# Should I start my screen printing business even though there is another screen printing company in my city?



## msakc (Jun 13, 2011)

Hi, 
I have been researching for quite some time now about starting my own screen printing business. And have been piecing together my business plan. However, the city where I am located has another company that does screenprinting but that is not their focus they just offer the service they mostly focus on other marketing products. I would focus primarily on screenprinting and later get into vinyl/heat pressing. Do you think its still worth it to start in that area (about 15,000 pop.)? Any Advice on how to go about it?


----------



## AtkinsonConsult (May 2, 2011)

msakc:

Everyone is going to have competition...that's natural.

Define yourself by listening to your clients, delivering on your promises, providing value, keeping an eye on craftsmanship, watching your margins, working smarter...not harder. Lots of great info out there, but unless you use it to your advantage you aren't learning.

Write your business plan, set some goals and work on developing your business. Also, with the web - it's a big world out there and you don't just have to focus on your small town for clients.

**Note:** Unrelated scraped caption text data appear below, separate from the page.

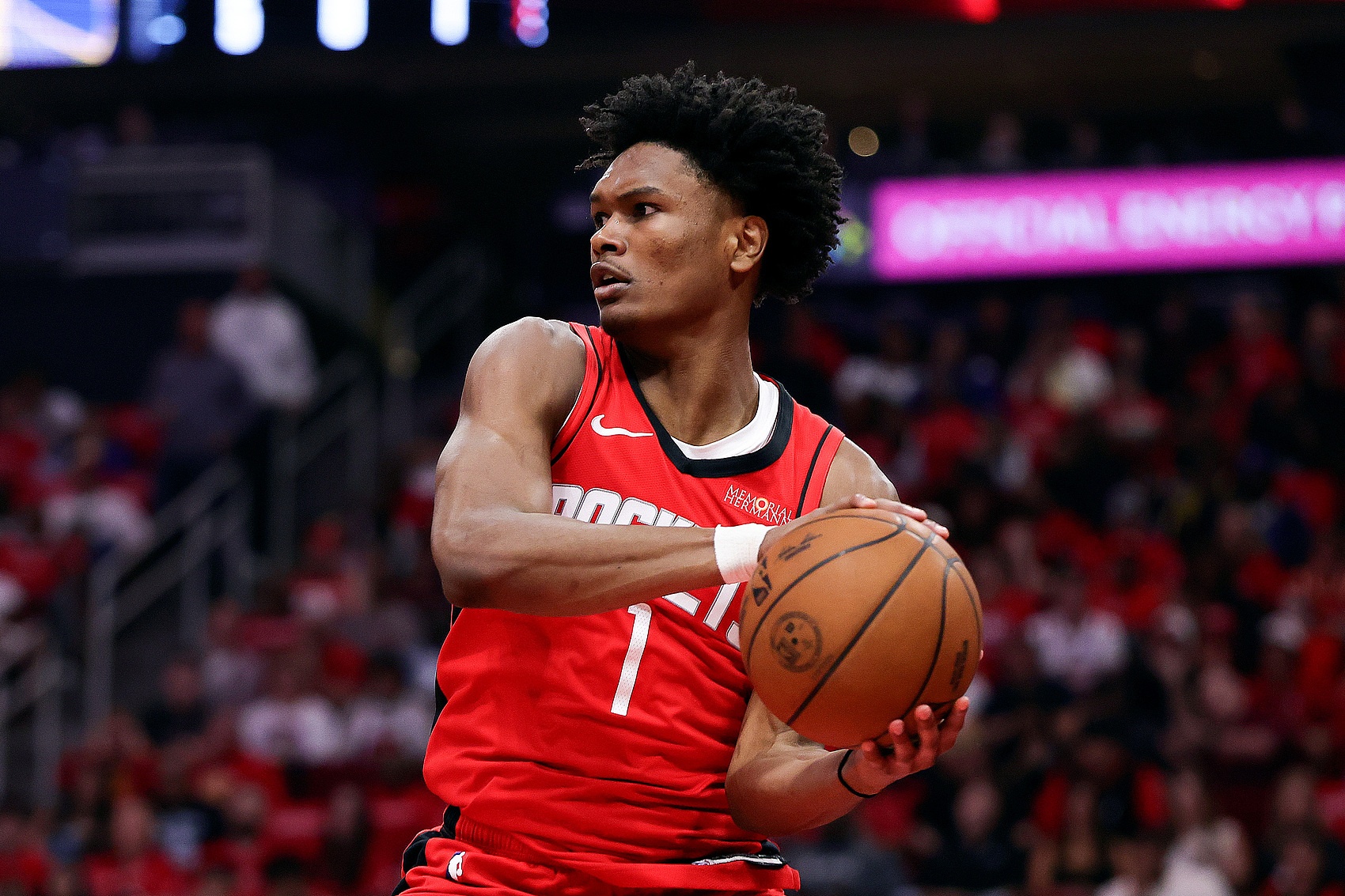 美記：阿門打控衛(wèi)時火箭每百回合比對手多拿10.7分 這方案可行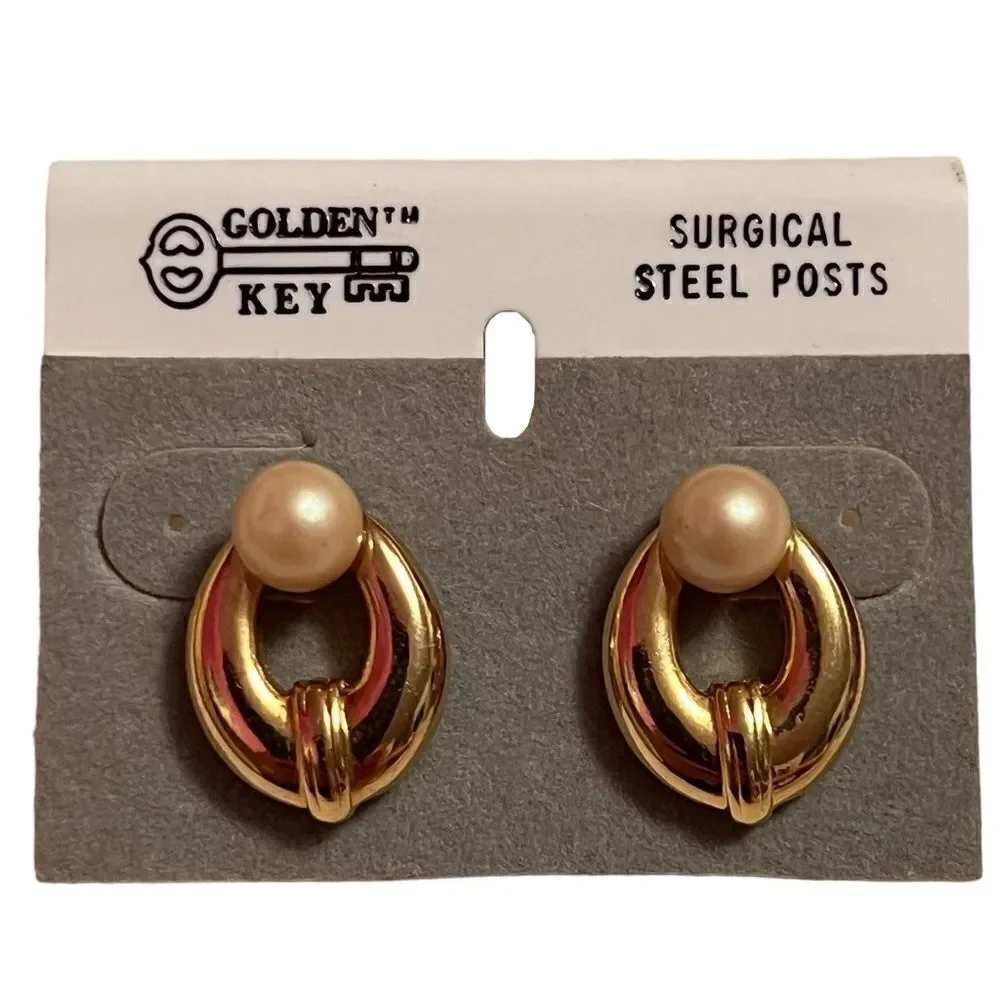 🤯5/$20🤯 Brand New Vintage Gold Pearl Stud Earrings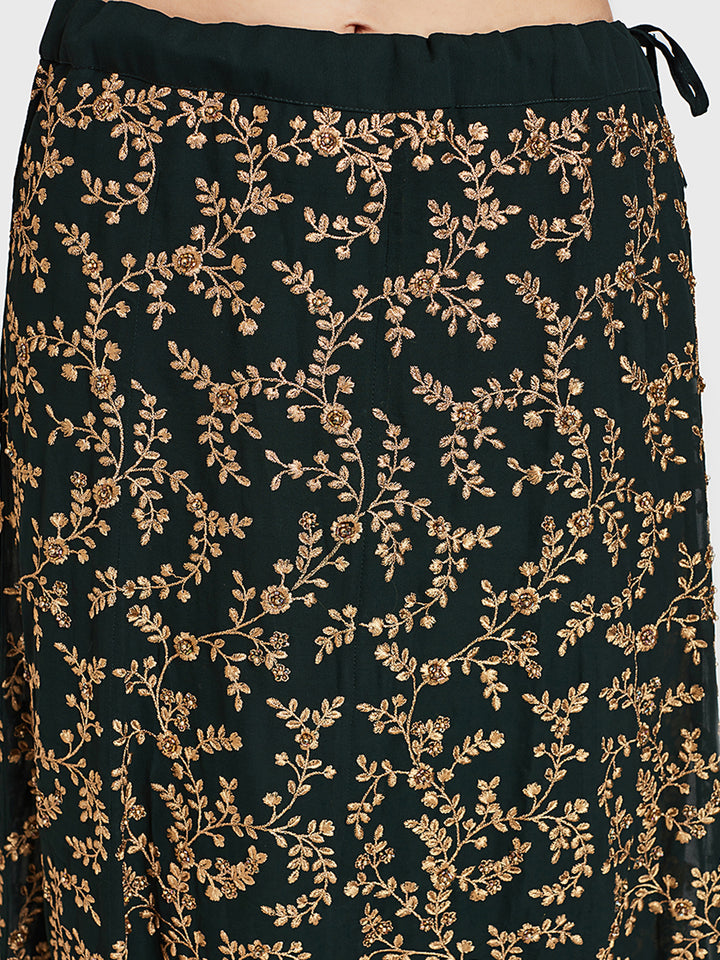Neerus Green embellished zari kurta set with skirt and dupatta - detail view 1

Good luck on your new business,

-M


----------



## msakc (Jun 13, 2011)

Thanks Marshall I think I needed to here that. Its my sister and I and we're going to attend the Ryonet Classes in Arkansas and following that start purchasing equipment. And before we put out the investments to learn more about it I wanted to make sure I was on the right track. I just makes me nervous a little when you here someone say oh doesn't someone already do that. But your right always gonna have competiton. And yes we are planning to use the web as well, and market market market. lol thanks again


----------



## Dan K (Nov 15, 2006)

There are 10-20 screen printers in our city, there were when we started. Since, older shops than us have closed, new ones have started and closed, and old and newer shops are still around and doing well. As Marshall said, it's all about how you go about it and who you target. Competition is good and natural, so don't hold back. Also, and I think more importantly, the best way to build your business next to and around that other shop in town is to not limit yourself to just that town as your clients. Learn how to use the internet and other tools to market outside your locale... Don't ignore your town, but don't limit yourself to it. As soon as you start marketing to a distant audience, your local competition becomes less threatening to you or threatened by you, and both are important to consider. Make friends with that competitor. If they print some, but also focus on selling more and promo products and all you do is print, they could someday source orders to you... You have limitless opportunities.


----------



## Flagrant-T (Nov 11, 2009)

Marshall had some great points and it sounds like you are doing the right thing by thinking this through. The Ryonet class is great.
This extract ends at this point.